When it comes to financing two new nuclear reactors at its Temelín site, ČEZ looks a bit like a young family with growing kids pondering how to pay for a home extension. True, combined earnings and a generous bank might just make the investment possible, but the Czech state-controlled power giant would still have to scrimp and save — leaving nothing much left over for anything else.

Amid some skepticism about its optimism — also given that ČEZ is looking around for possible partners to help meet the expected Kč 150 billion–Kč 200 billion construction bill — the company, the largest in Central Europe in terms of market capitalization, insists its own cash flow should be sufficient to meet the nuclear expansion costs.

The somewhat mixed message was repeated last week by the ČEZ chief number cruncher and effective number two, Chief Finance Officer Martin Novák. “If you calculate our cash flow through models — and of course we do this internally and have seen some external models from the big banks — we can clearly see we’re able to finance it [Temelín ] from cash flow and that capacity. But it would clearly mean that we will not be able to do many other things,” Novák said during a conference call with financial analysts.

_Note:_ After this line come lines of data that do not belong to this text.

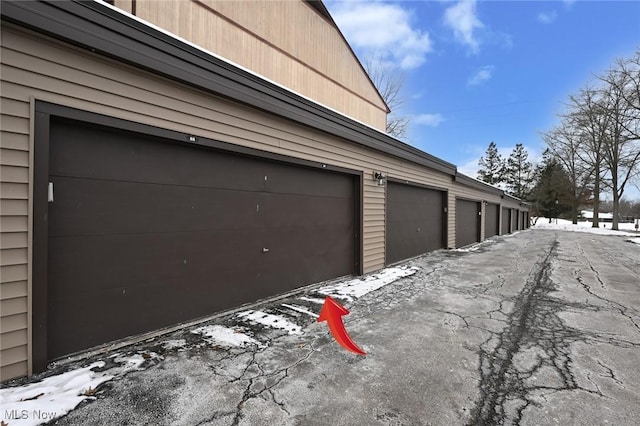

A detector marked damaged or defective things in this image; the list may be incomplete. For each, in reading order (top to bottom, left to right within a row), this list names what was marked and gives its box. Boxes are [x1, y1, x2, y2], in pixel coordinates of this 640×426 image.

cracked pavement [51, 230, 640, 426] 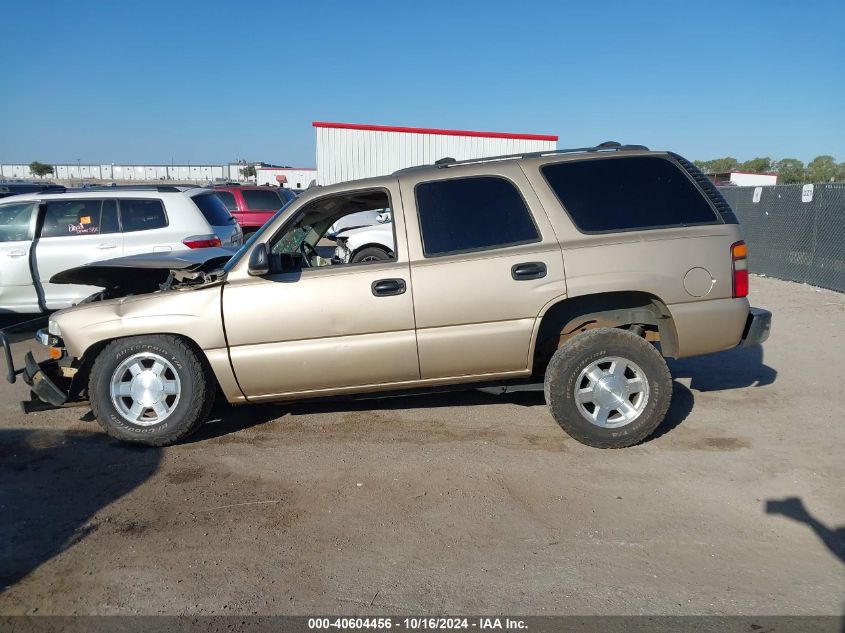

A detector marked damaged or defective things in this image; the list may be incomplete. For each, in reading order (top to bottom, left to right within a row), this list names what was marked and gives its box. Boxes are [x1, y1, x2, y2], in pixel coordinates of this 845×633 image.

front-end damage [0, 247, 234, 414]
damaged hood [50, 247, 236, 292] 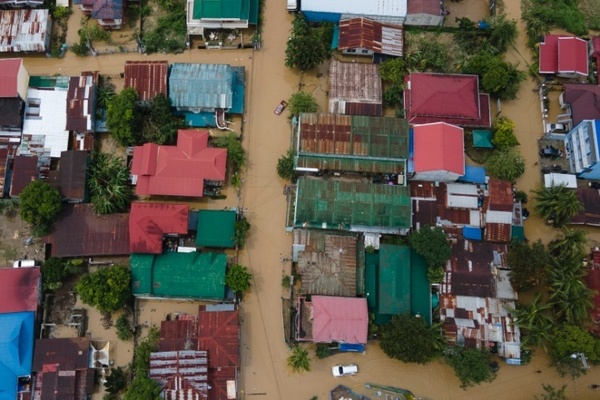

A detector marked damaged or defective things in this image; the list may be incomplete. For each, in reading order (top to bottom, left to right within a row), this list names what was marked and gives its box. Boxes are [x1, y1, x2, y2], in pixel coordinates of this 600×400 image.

rusty corrugated metal roof [0, 9, 49, 52]
rusty corrugated metal roof [123, 61, 168, 102] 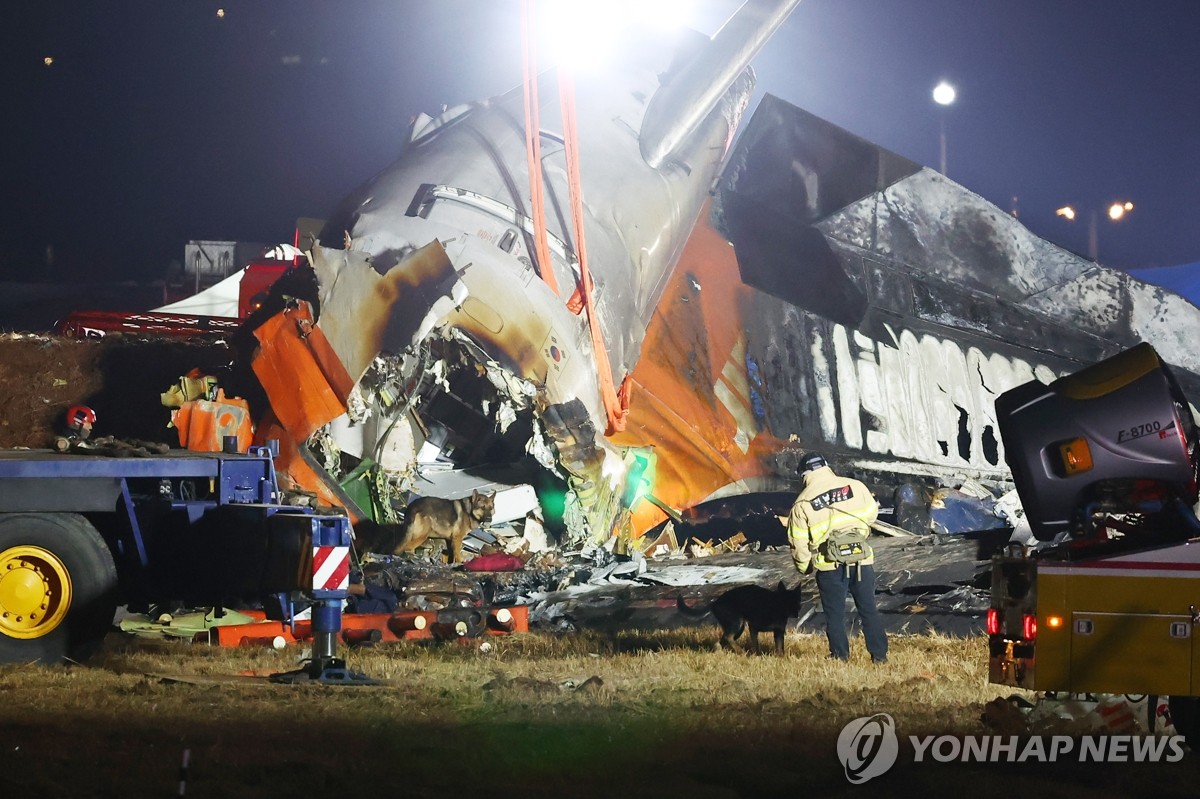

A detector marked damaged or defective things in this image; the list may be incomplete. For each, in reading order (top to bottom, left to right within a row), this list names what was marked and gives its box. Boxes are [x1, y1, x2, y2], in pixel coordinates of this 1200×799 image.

scorched wreckage [28, 0, 1200, 552]
crashed airplane [232, 0, 1200, 552]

If ČEZ does decide not to go it alone, will it look to the financing models in use by the Brits (state guarantees on prices), Finns (up-front financing from its chief customers) or Americans (charging consumers a supplement because its in the public interest)? And if the Russians prove to be the only bidders for the Temelín expansion who are willing to co-finance the project, will practical considerations override political concerns?

The British way

In spite of recent denials from Czech Minister of Industry and Trade Martin Kuba (Civic Democrat, ODS), ČEZ is involved in talks with the Czech government (which holds a near 70-percent stake in the Prague- and Warsaw-listed company) about procuring possible aid to lighten the financial burden of carrying the Temelín expansion on its own.

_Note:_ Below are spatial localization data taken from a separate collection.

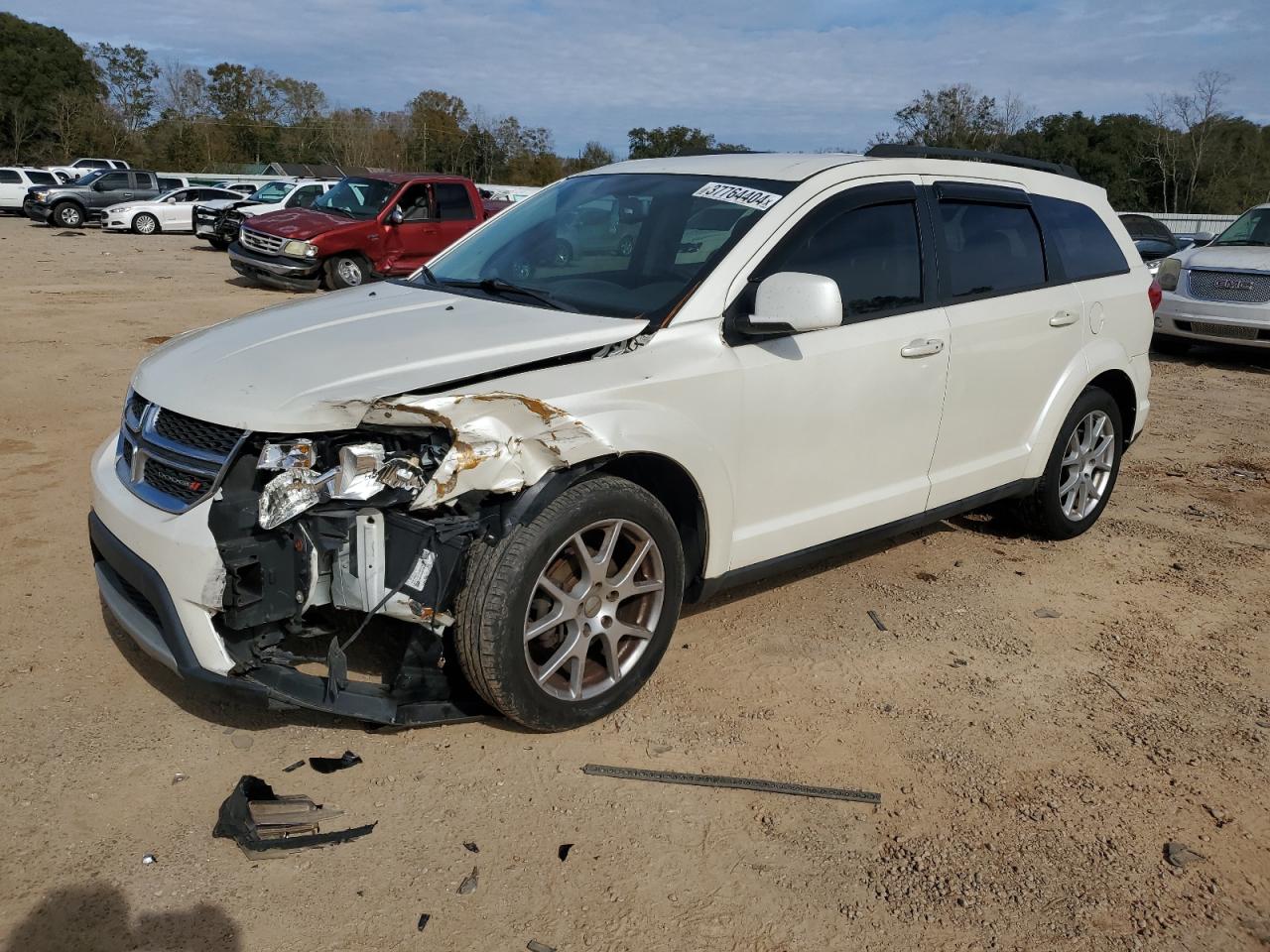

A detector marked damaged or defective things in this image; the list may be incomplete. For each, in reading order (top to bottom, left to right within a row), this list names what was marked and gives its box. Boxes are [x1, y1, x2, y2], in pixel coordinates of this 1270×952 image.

detached bumper piece [230, 242, 325, 290]
crumpled hood [244, 208, 355, 240]
crumpled hood [1183, 244, 1270, 274]
crumpled hood [134, 280, 639, 432]
damaged white suv [91, 147, 1151, 730]
detached bumper piece [88, 512, 492, 730]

ČEZ’s Martin Novák says internal financing is possible, but would mean there would be no money for other projects

The favored financing model has only just been rolled out in Britain, with a view to spawning a new generation of privately built nuclear power plants, a high-ranking ČEZ source close to the talks told Czech Position. In the UK, support comes in the form of a state-guaranteed set price for nuclear-produced electricity.

Under the scheme, the nuclear plant operator pays the state if market prices climb above the guaranteed level but is funded from state coffers if the price slips below. The British government also promises a steadily rising price for carbon emissions allowances, which help to make nuclear-produced power more economic compared with more carbon-polluting alternatives (such as coal).

The British model of support has already spurred a joint venture between German power giants E.ON and RWE, called Horizon Nucler Power, to announce plans for new nuclear capacity of around 6,000 MW by 2025 — two to three times the size of the planned Temelín expansion.

‘We are waiting to see how this works out, for instance if there are any problems with this from the European Commission.’

“We are waiting to see how this works out, for instance if there are any problems with it from the European Commission,” the ČEZ top manager, who asked not to be indentified, told Czech Position. As Novák told the curious investment analysts last week, “nothing in this respect has yet been nailed down.”

‘Nuclear revival’ fizzles

Whatever ČEZ’s boasts about cash flow and its relatively low debt ratio compared with its European peers, the much-vaunted worldwide “nuclear revival” has not happened as forecast. Building new nuclear plants is still an incredibly expensive process, requiring big up-front investments and delivering reasonable returns only if the plants are used at full capacity and throughout their long lives.

“Financing is a big problem in blocking a nuclear renaissance,” commented Mike Kirst, nuclear construction company Westinghouse’s vice president for Europe, the Middle East and Africa. “People talk about Fukushima. But here in Europe there are so many countries that want to go ahead and build nuclear plants — but come across problems with covering the costs,” he said, referring to the accident at the Japanese nuclear plant just over a year ago.

Instead of construction costs coming down over time, they have actually soared to levels that make building nuclear plants a prohibitive investment now for all but the most well-heeled power companies — or those offered considerable and generous support, such as full state backing, and soft financing.

That means the price tag for Temelín 3 and 4 will be the fundamental factor in whether the biggest Czech construction project of the decade proceeds or the plans are shelved. Other aspects can only partly remove some risk from such an ambitious project and marginally move the construction decision up or down the likelihood scale.

Marriages of convenience

As ČEZ itself admits, partnership is a promising avenue to cut the costs and risks of Temelín expansion. It has even contracted French-based international bank BNP Paribas to help find energy partners who might be willing to pair up with it, probably from Europe but Asian brides are not being excluded.